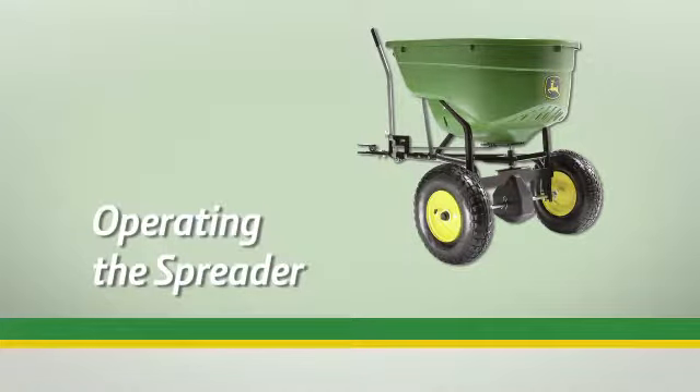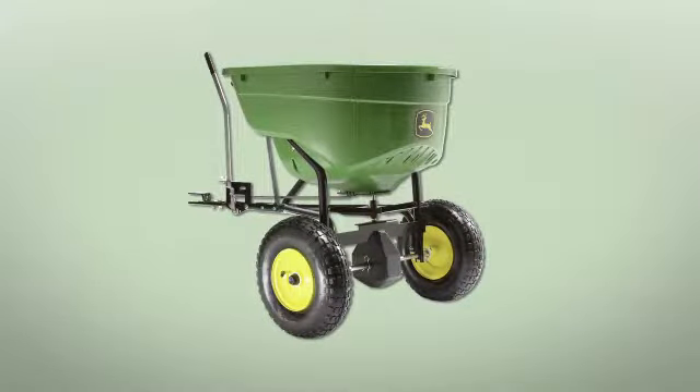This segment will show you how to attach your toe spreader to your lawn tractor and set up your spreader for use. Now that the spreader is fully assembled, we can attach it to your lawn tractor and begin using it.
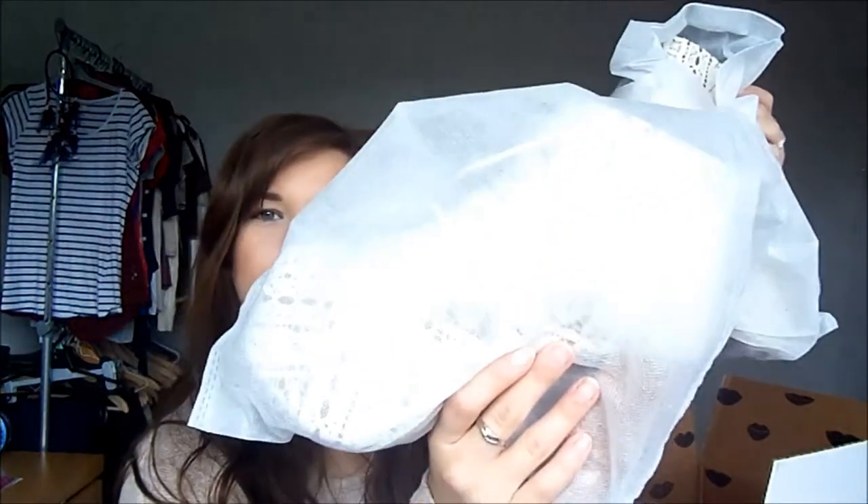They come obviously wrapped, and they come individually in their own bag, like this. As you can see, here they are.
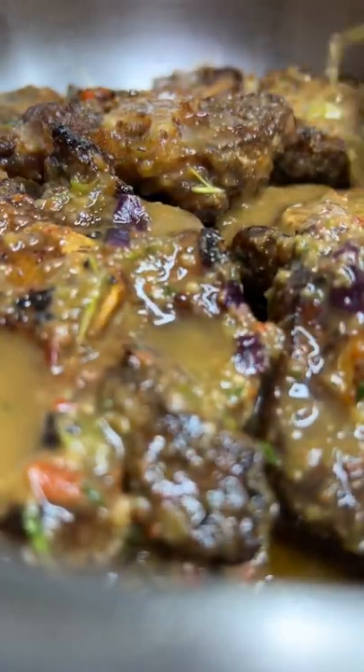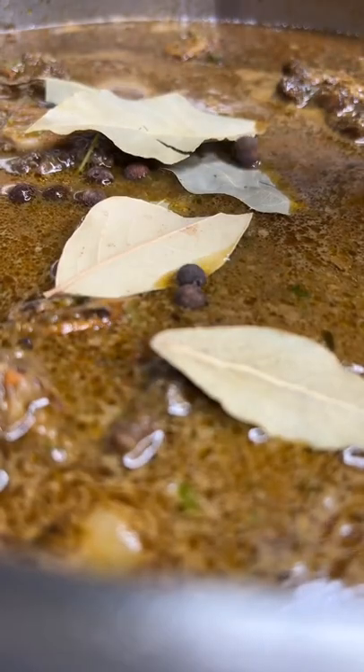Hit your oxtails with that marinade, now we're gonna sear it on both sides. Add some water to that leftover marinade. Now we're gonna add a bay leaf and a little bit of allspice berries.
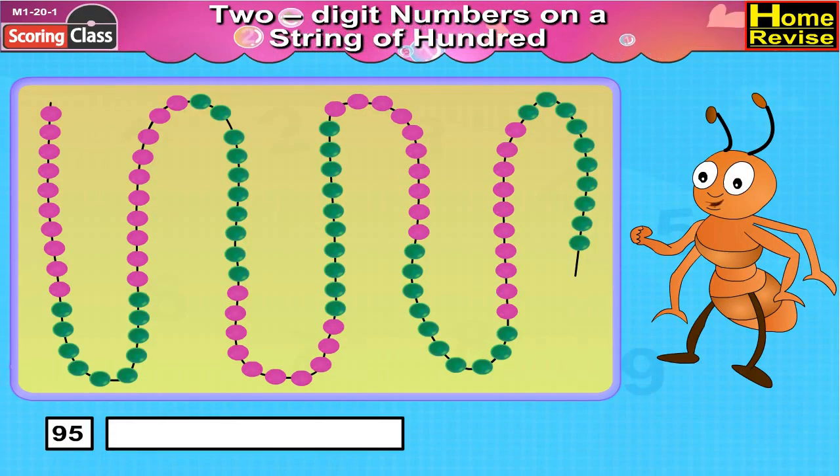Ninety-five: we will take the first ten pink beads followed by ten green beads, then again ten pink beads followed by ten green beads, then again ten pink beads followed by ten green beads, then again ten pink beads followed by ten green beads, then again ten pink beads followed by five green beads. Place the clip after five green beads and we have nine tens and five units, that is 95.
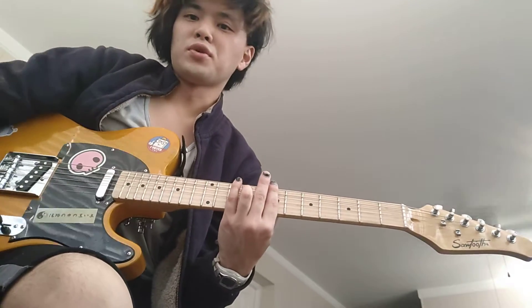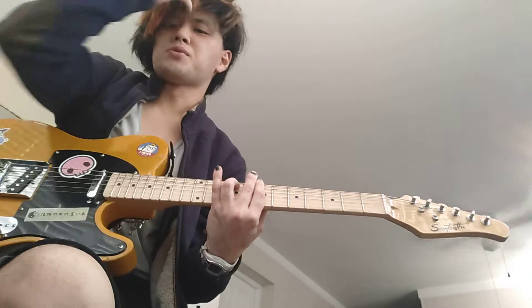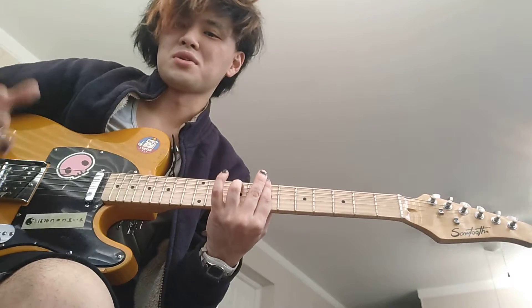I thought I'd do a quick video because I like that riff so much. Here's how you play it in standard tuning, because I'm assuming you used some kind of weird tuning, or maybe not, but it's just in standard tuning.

+--

- **Description of the task**: Give back each entry exactly as it appears. Leave pictures out.

- **Exercise result**:
This segment will show you how to attach your toe spreader to your lawn tractor and set up your spreader for use. Now that the spreader is fully assembled, we can attach it to your lawn tractor and begin using it.
They come obviously wrapped, and they come individually in their own bag, like this. As you can see, here they are.
Hit your oxtails with that marinade, now we're gonna sear it on both sides. Add some water to that leftover marinade. Now we're gonna add a bay leaf and a little bit of allspice berries.
Ninety-five: we will take the first ten pink beads followed by ten green beads, then again ten pink beads followed by ten green beads, then again ten pink beads followed by ten green beads, then again ten pink beads followed by ten green beads, then again ten pink beads followed by five green beads. Place the clip after five green beads and we have nine tens and five units, that is 95.
I thought I'd do a quick video because I like that riff so much. Here's how you play it in standard tuning, because I'm assuming you used some kind of weird tuning, or maybe not, but it's just in standard tuning.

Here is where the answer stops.